Corri de portão em portão para saber de onde vinha a voz. Não consigo descrever o tamanho do meu alívio ao ver aquelas duas senhoras sentadas no terraço conversando. Uma delas era minha vó.
- Vó!
- Oi, meu fi. Entre aqui chegue.

Dei-lhe um abraço apertado e contive as lágrimas, ela não sabia de nada e não precisava saber. As duas já foram logo arrumando uma cadeira para mim e me obrigando a comer uma infinidade de biscoitos, escapei do de boldo e fiquei só no leite quente. Não faria sentido apressá-la agora, relaxei na cadeira com meu leite, afinal mesmo a tendo encontrado, em casa não seria fácil.
Despedimos-nos e fomos embora. Estávamos a três ruas de casa e minha vó tinha passado metade da tarde e o começo da noite ali.
Dobramos a rua de casa, o carro da minha tia estava parado na frente da casa e as duas, minha tia e minha mãe, vieram correndo nos encontrar. Deixei-as com minha vó ainda na rua e apressei o passo pra casa, mais precisamente pra dentro do meu quarto embaixo da coberta. No portão ainda ouvi a vizinha chata dizer:

- Pelo menos fez alguma coisa que preste né cabeção?
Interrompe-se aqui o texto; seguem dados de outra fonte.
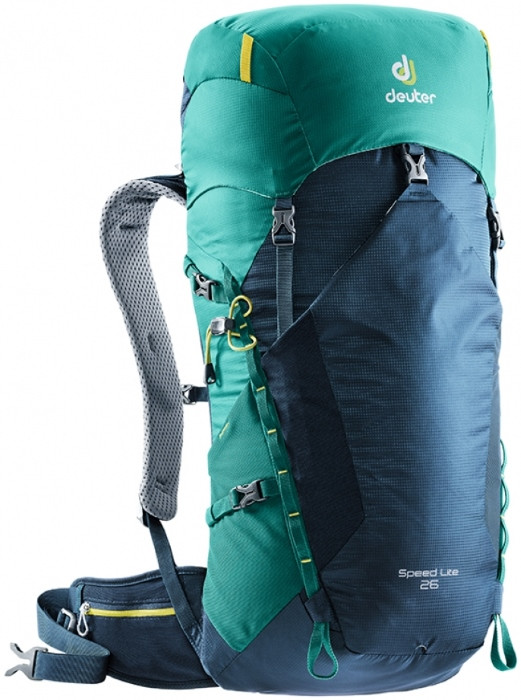 Рюкзак Deuter Speed Lite 26 2018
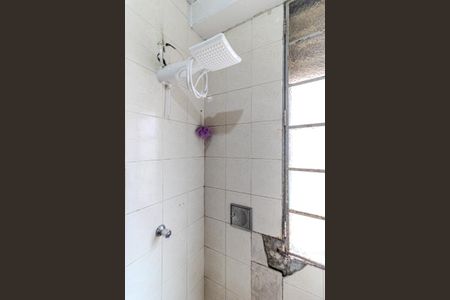 Apartamento à venda com 64m², 2 quartos e sem vagaBanheiro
Tomei umas palmadas, fiquei uma semana de castigo e aprendi uma lição. Duas ou três semanas depois, minha avó por parte de pai havia conseguido me matricular em uma escola perto da casa do meu pai, com quem tive de ir morar por causa da escola.
Um ou dois meses depois minha avó, a Nevinha, a perdida, morreu. Por causa dessas brigas bobas e sem razão, coisas de família, só fui avisado uma semana depois, não pude ir ao velório nem ao enterro. Essa é a última lembrança que eu guardo daquela senhorinha meiga e simpática que as vezes nem sabia quem eu era.

2 comentários:

Monstrinha disse...

Poxa... uma estória com final feliz e triste ao mesmo tempo!
Aluma coisa no jeito simples e "caseiro" como você escreveu esse conto me fez lembrar da Clarissa, do Erico Veríssimo.

Uma ótima forma de começar meu dia!

Vampira Dea disse...

Histórias com vó sempre me emocionam e essa particulamente é muito bonita.